# EXERCISE
In the records below, find the line that holds "00s black floral beaded cami- size S". Restate it and every later line exactly, stopping at the end and skipping pictures.

Data records
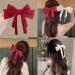 Hair Bows for Women 3PCS French Bow Hair Clips with Ribbon Large Cute Bow Clips for Women Soft Satin Silky Bow Barrette for Teen GirlsBarrettes - Buy Online on GoSupps.com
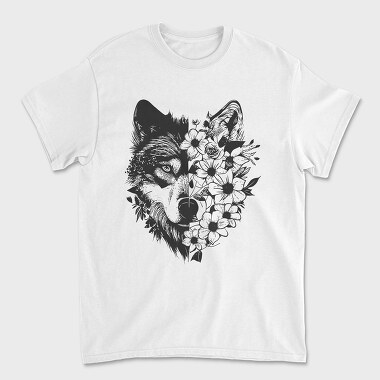 Wolf With Flowers, Tricou Barbati (Unisex)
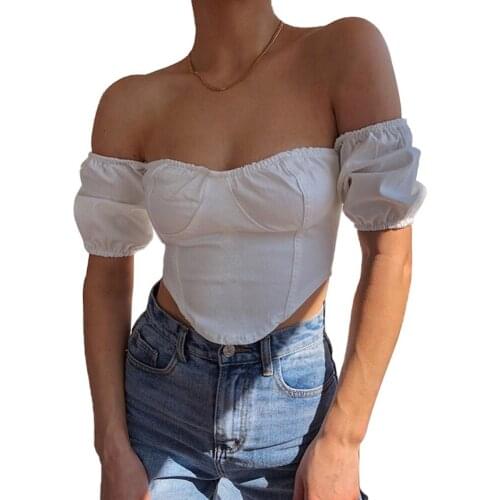 Womens Solid Slash neck Off Shoulder Puff Sleeve Skinny Slim Top Retro Palace Style T-Shirt New Fashion Streetwear New Arrival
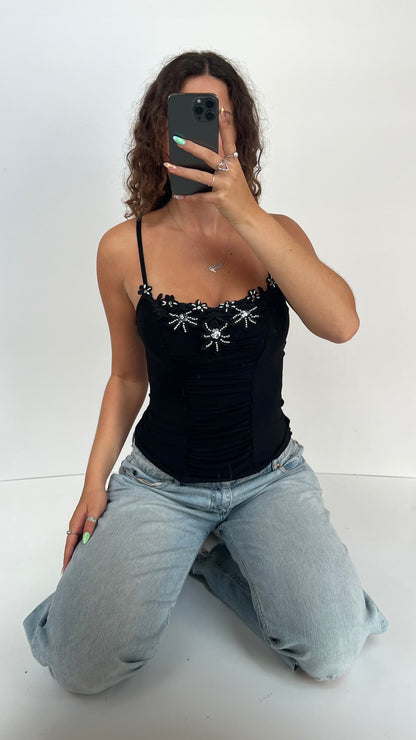 00s black floral beaded cami- size S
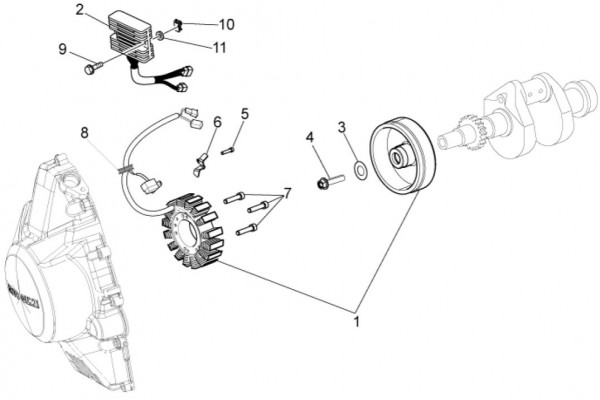 Motor Lichtmaschine - Moto-Guzzi V 7 750ccm 4T 4V AC 2014- ZGULWS00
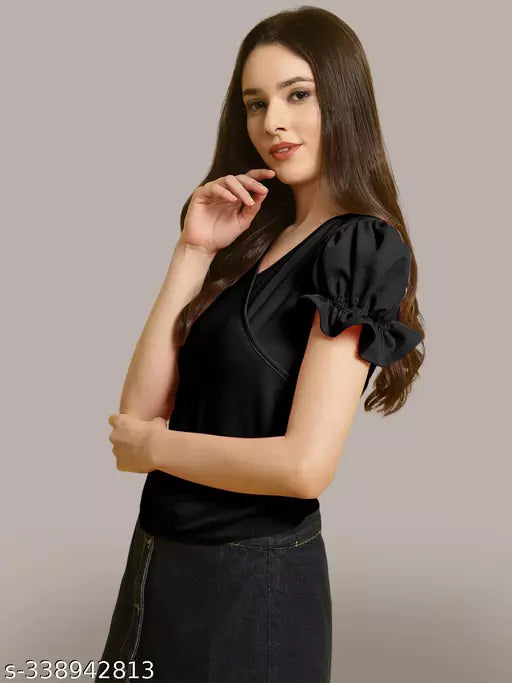 Women Black Solid Puff Sleeve Wrap Top (Women Top | Women Tops | Top)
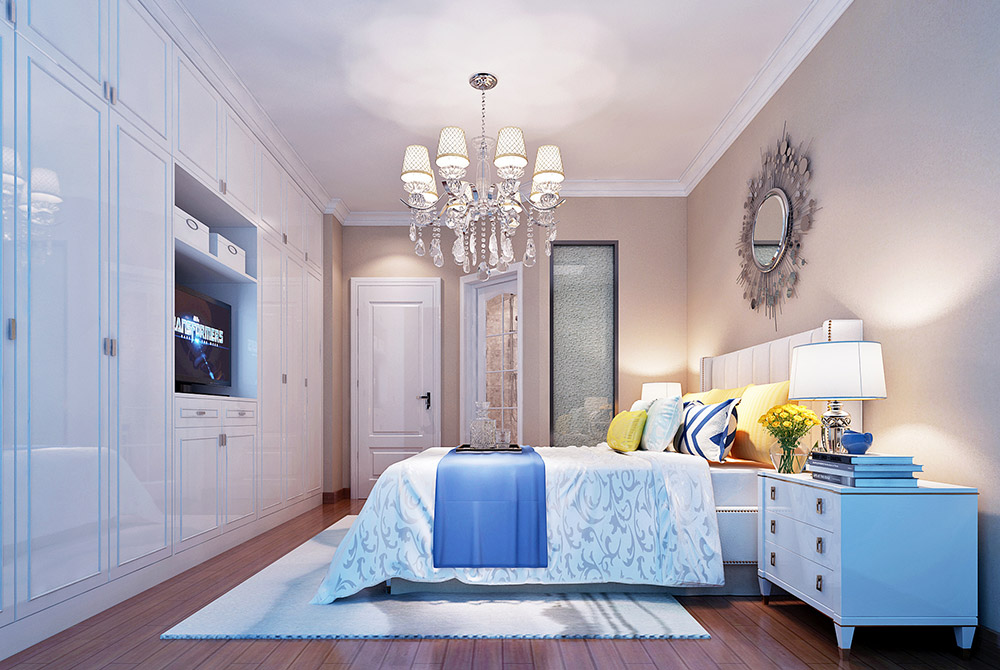 轻奢风格室内装修效果图-绿地景悦三居123平米-卧室 轻奢风格室内装修效果图-绿地景悦三居123平米-卧室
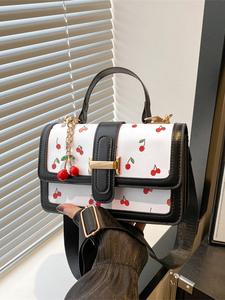 Bolso de Mano Satchel con Estampado de Cerezas y Dije de Cereza, Elegante Bolso de Mujer para Fiestas y Uso Diario, Perfecto para Oficina y Casual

# SOLUTION TO THE EXERCISE
 00s black floral beaded cami- size S
 Motor Lichtmaschine - Moto-Guzzi V 7 750ccm 4T 4V AC 2014- ZGULWS00
 Women Black Solid Puff Sleeve Wrap Top (Women Top | Women Tops | Top)
 轻奢风格室内装修效果图-绿地景悦三居123平米-卧室 轻奢风格室内装修效果图-绿地景悦三居123平米-卧室
 Bolso de Mano Satchel con Estampado de Cerezas y Dije de Cereza, Elegante Bolso de Mujer para Fiestas y Uso Diario, Perfecto para Oficina y Casual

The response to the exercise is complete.